**Work instruction:**
Start at the line below containing "Doux sweatshirt à" and stop at the line containing "Thumbnail for Online". Repeat every line of that stretch exactly, and nothing outside it.

**Task data:**
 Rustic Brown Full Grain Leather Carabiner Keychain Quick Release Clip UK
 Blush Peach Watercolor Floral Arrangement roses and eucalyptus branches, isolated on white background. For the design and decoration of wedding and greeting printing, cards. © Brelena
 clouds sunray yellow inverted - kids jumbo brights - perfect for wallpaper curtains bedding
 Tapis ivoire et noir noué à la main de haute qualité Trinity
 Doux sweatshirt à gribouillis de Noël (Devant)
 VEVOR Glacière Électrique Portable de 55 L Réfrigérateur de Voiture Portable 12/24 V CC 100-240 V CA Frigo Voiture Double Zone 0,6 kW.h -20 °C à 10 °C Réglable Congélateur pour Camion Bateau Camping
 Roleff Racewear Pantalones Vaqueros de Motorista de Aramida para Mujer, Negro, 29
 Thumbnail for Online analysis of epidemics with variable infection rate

--

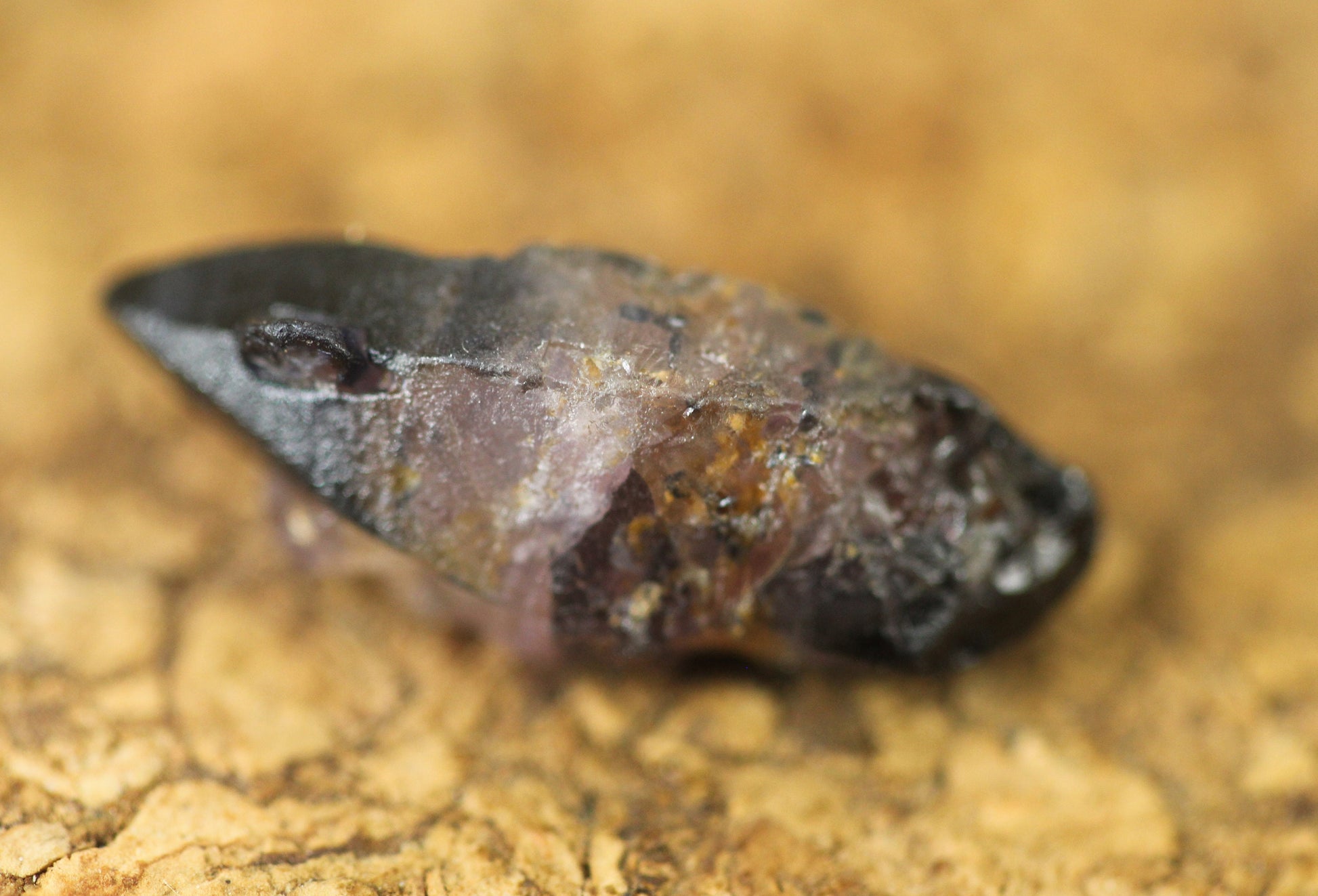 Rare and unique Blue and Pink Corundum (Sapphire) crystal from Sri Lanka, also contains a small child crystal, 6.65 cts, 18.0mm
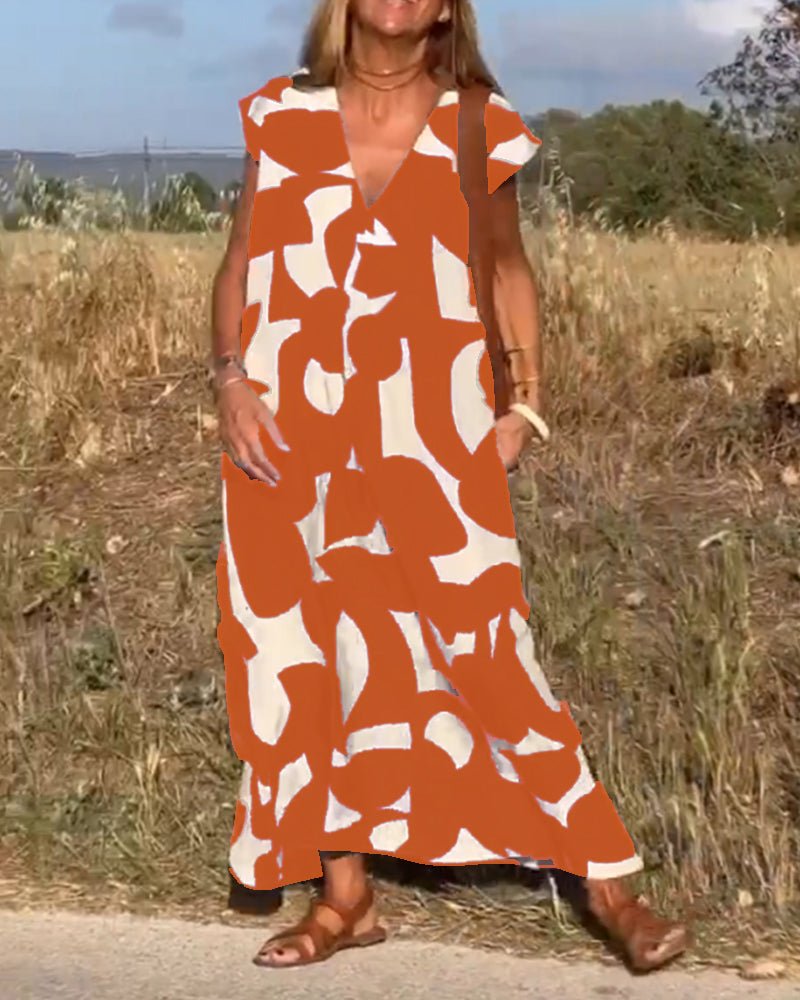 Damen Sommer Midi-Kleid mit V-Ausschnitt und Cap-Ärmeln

**Task solution:**
 Doux sweatshirt à gribouillis de Noël (Devant)
 VEVOR Glacière Électrique Portable de 55 L Réfrigérateur de Voiture Portable 12/24 V CC 100-240 V CA Frigo Voiture Double Zone 0,6 kW.h -20 °C à 10 °C Réglable Congélateur pour Camion Bateau Camping
 Roleff Racewear Pantalones Vaqueros de Motorista de Aramida para Mujer, Negro, 29
 Thumbnail for Online analysis of epidemics with variable infection rate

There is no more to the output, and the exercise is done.